- _PROBLEM_
Quote, exactly, the line holding "formano le parole" and all lines after it to the end of the records below. Exclude pictures.

━━━ DATA SHOWN ━━━

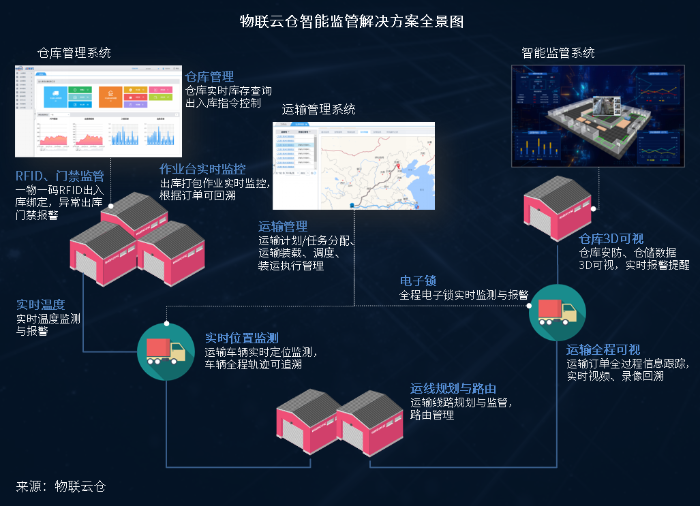 變革傳統(tǒng)物流監(jiān)管模式，智能監(jiān)管解決方案引領(lǐng)行業(yè)新浪潮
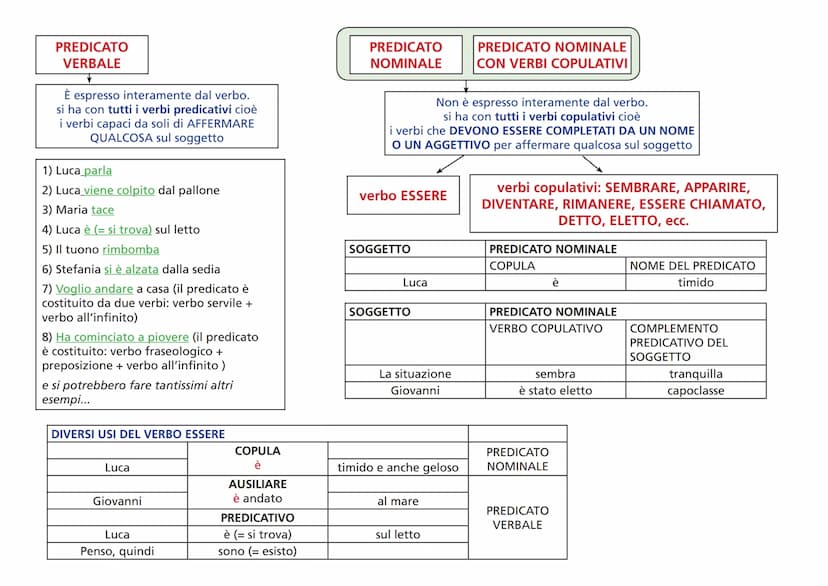 FONOLOGIA =
si occupa dei SUONI che
formano le parole
Le parole si possono raggruppare in 9 famiglie dette
PARTI DEL DISCORSO
parti VARIABIL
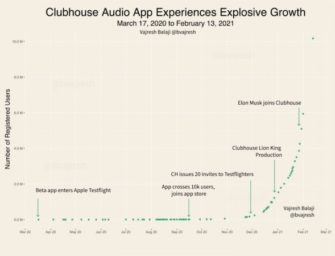 Clubhouse Surpasses 10 Million Users After Musk, Zuckerberg, Rogan, and MrBeast Join and Starts Drawing More Scrutiny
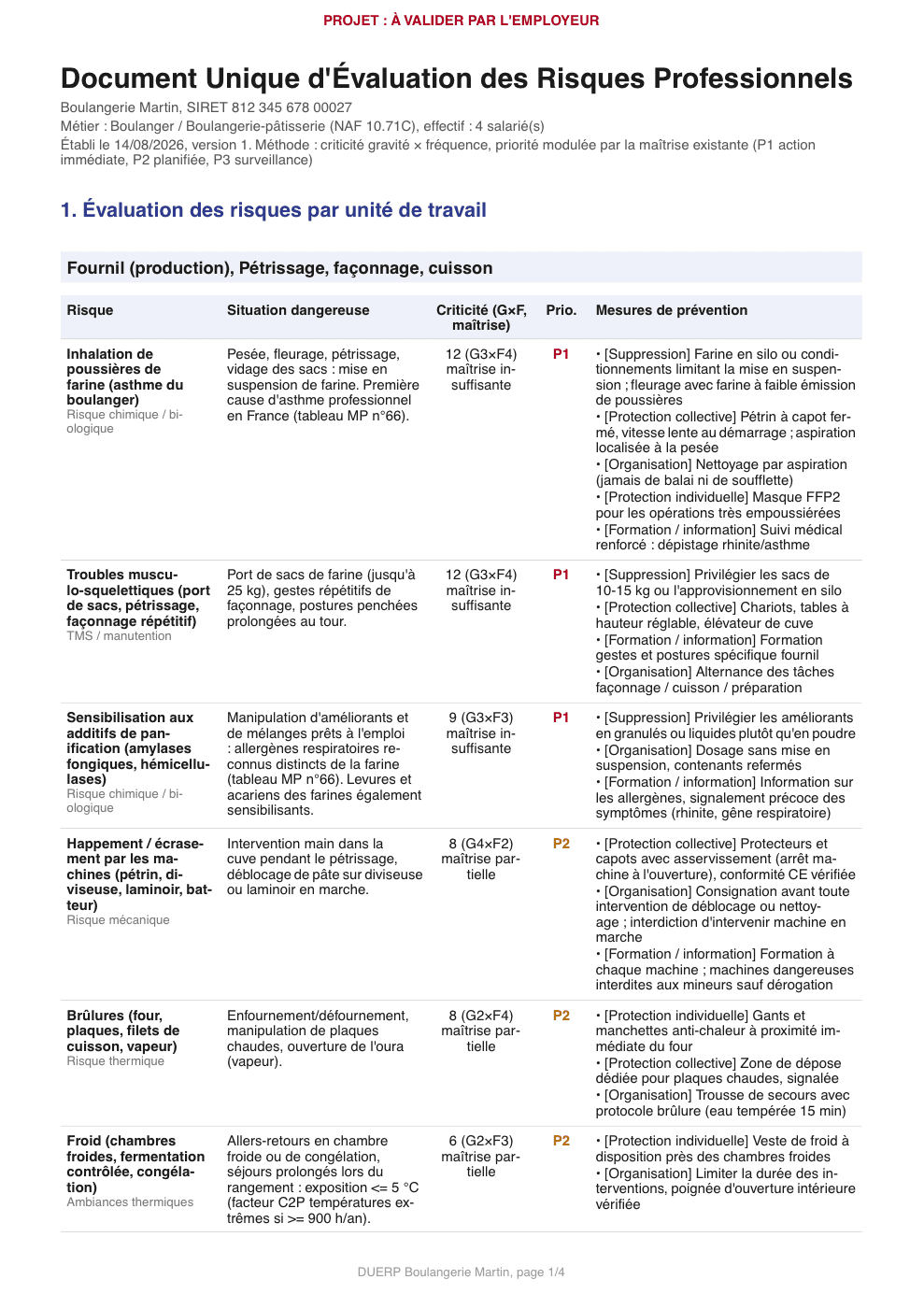 Première page du document unique généré pour une boulangerie : tableau d'évaluation des risques de l'unité fournil, avec situation dangereuse, criticité gravité par fréquence, priorité et mesures de prévention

━━━

- _EXERCISE OUTPUT_
formano le parole
Le parole si possono raggruppare in 9 famiglie dette
PARTI DEL DISCORSO
parti VARIABIL
 Clubhouse Surpasses 10 Million Users After Musk, Zuckerberg, Rogan, and MrBeast Join and Starts Drawing More Scrutiny
 Première page du document unique généré pour une boulangerie : tableau d'évaluation des risques de l'unité fournil, avec situation dangereuse, criticité gravité par fréquence, priorité et mesures de prévention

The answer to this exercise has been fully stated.